The only real problem with this unexpurgated Firebird was that it rather outstayed its
welcome, a common problem that illustrates just what good
sense Stravinsky had when he recycled its best numbers into
the more satisfying, and more popular, suites of 1919 and
1945. The same good
sense cannot be discerned in Rimsky-Korsakov’s decision
to ‘improve’ Mussorgsky’s Night
on a Bare Mountain, however: in ‘tidying-up’ Mussorgsky’s
distinctly rough-hewn orchestration, he robbed the work
of much of its unsettling atmosphere.

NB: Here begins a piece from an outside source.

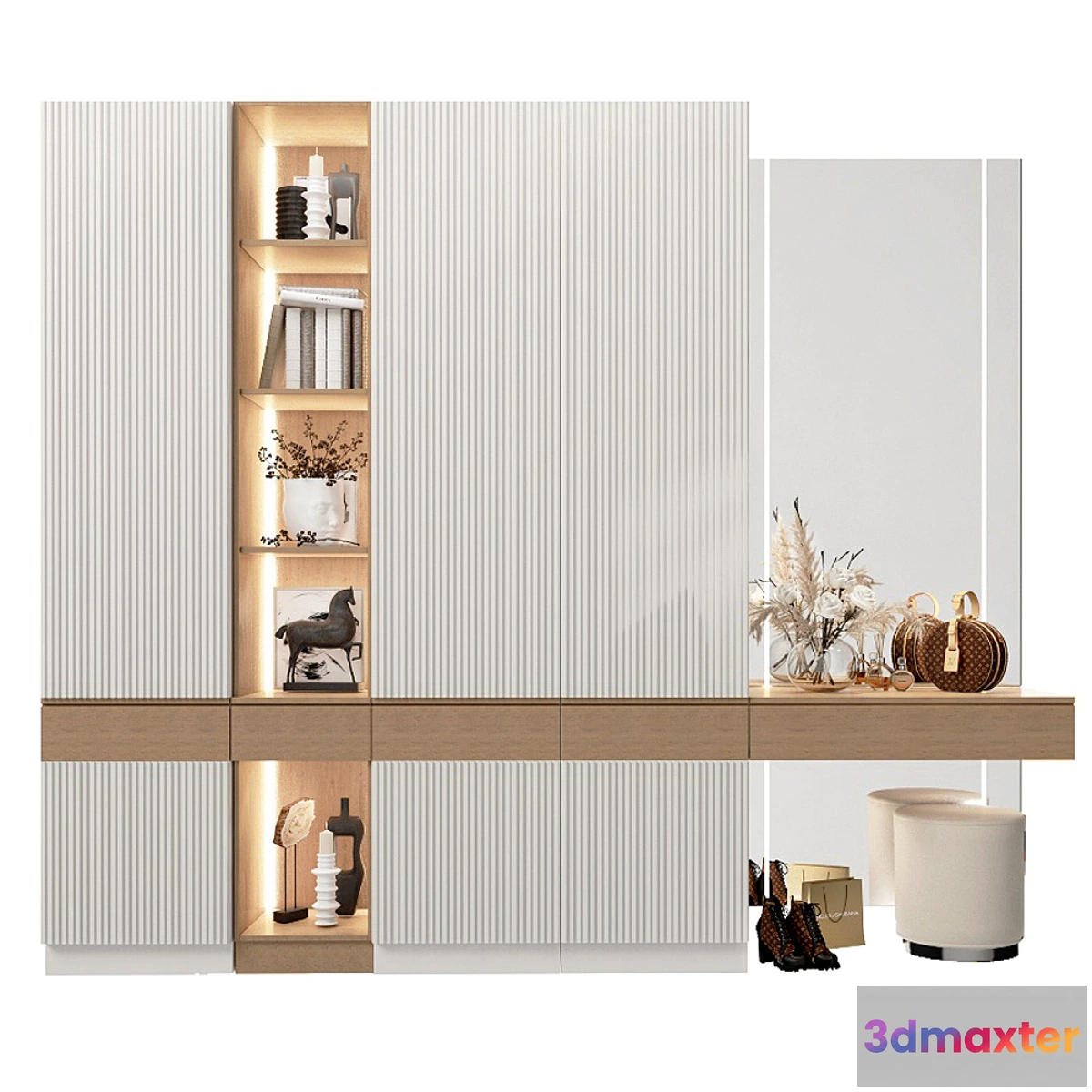 852369 - Composition in the hallway_88 - No.3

Salonen showed just how much more interesting
the original was, even as a rather brisk opener; but nice
though it was to hear this less familiar version, the QEH
acoustic proved ultimately unsuitable; Night on a Bare Mountain is all about its
creepy ambiance and spooky apparitions, both of which were
effectively neutered in this venue.
At any rate, the real treat of the evening was sandwiched
between these two fiery favourites.
Sergei Prokofiev’s Second
Piano Concerto is not nearly as well-known as the famous
Third, and the reason for this is not hard to discern.
Just ten minutes into the temperamental first movement
comes one of the most hair-raising, barnstorming, finger-twisting
cadenzas in all of the literature, a bevy of whirling arpeggios
and chaotic dissonances which even Prokofiev found a challenge
to perform. Thursday’s pianist – the promising young Frenchman
François-Frédéric Guy – had just
the mildest hint of panic in his eyes as he approached this
musical gauntlet, but he proved a worthy adversary to Prokofiev’s
demonic inspiration, carrying off his soloist’s role with
aplomb. Although
his playing was perhaps a little too refined for the spiky
asceticism Prokofiev demands, Guy nonetheless found a good
balance between modernity and slushy post-Romanticism, bringing
out heaps of detail in the process. After a particularly fiendish passage later
in the work, he could be glimpsed lifting his hands from
the keyboard in a slightly camp flourish, like a more elegant,
less well-fed version of Liberace. He looked like nothing
so much as a footballer celebrating a particularly satisfying
goal: precisely what his performance was.